Professional Role Identity in the Age of Artificial Intelligence: An Example of the Automated Long-Term Care Case-Mix System

Tuesday, 8 July 2025: 11:00
Location: SJES020 (Faculty of Legal, Economic, and Social Sciences (JES))
Oral Presentation
Hsiao-Mei JUAN, National Chung Cheng University, Taiwan
Taiwan is expected to enter a super-aged society by 2025, leading to an increasing demand for long-term care services. With changes in family structure and function, the responsibility for caregiving has diversified and is no longer limited to household-based support. In response to these challenges, Taiwan established the "Long-Term Care Service Network and Long-Term Care Service Act" in 2015 and launched the "Ten-Year Long-Term Care Plan 2.0" in 2016. The Ministry of Health and Welfare has developed an information platform that integrates an automated multi-assessment scale and a long-term care case classification system. Additionally, a mobile app version of the assessment tool was introduced to assist case managers in conducting home visits.

Needs assessment is a critical part of this process, determining the level of disability, the scope of services provided, and the care plan. The automated multi-assessment system aims to improve efficiency and ensure fairness by using objective standards, avoiding biases and pressures from subjective judgments. However, this automated assessment system has raised several concerns. This study focuses on how the system affects the professional roles and identity of practitioners.
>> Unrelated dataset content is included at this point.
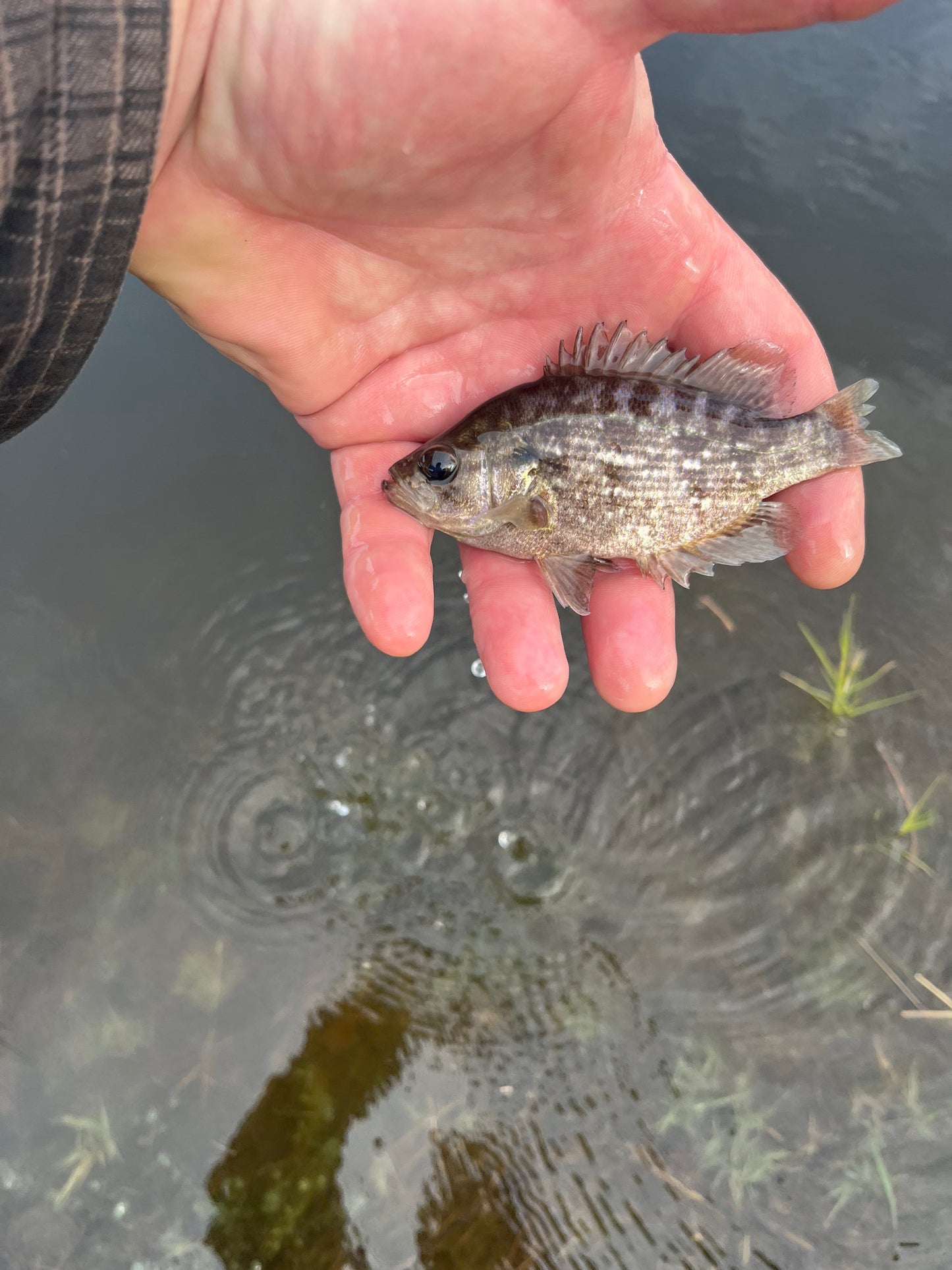 Sacramento Perch Subcatchable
Noordegraaf (2007) noted that professionalism and professional roles are shifting from being pure to becoming hybrid, which has implications for how professionals see themselves and their work. This study, through interviews with practitioners, explores several questions: How does the automated system impact professional identity and roles? Does it limit staff autonomy in decision-making or evaluation? How do case managers and organizations respond when discrepancies arise between "system evaluations" and "human assessments"?

The conclusion emphasizes that automated decision-making models must be designed with transparency and explainability. Furthermore, training programs for practitioners should incorporate relevant ethics courses and supervision systems to ensure professionalism and ethical responsibility in practice.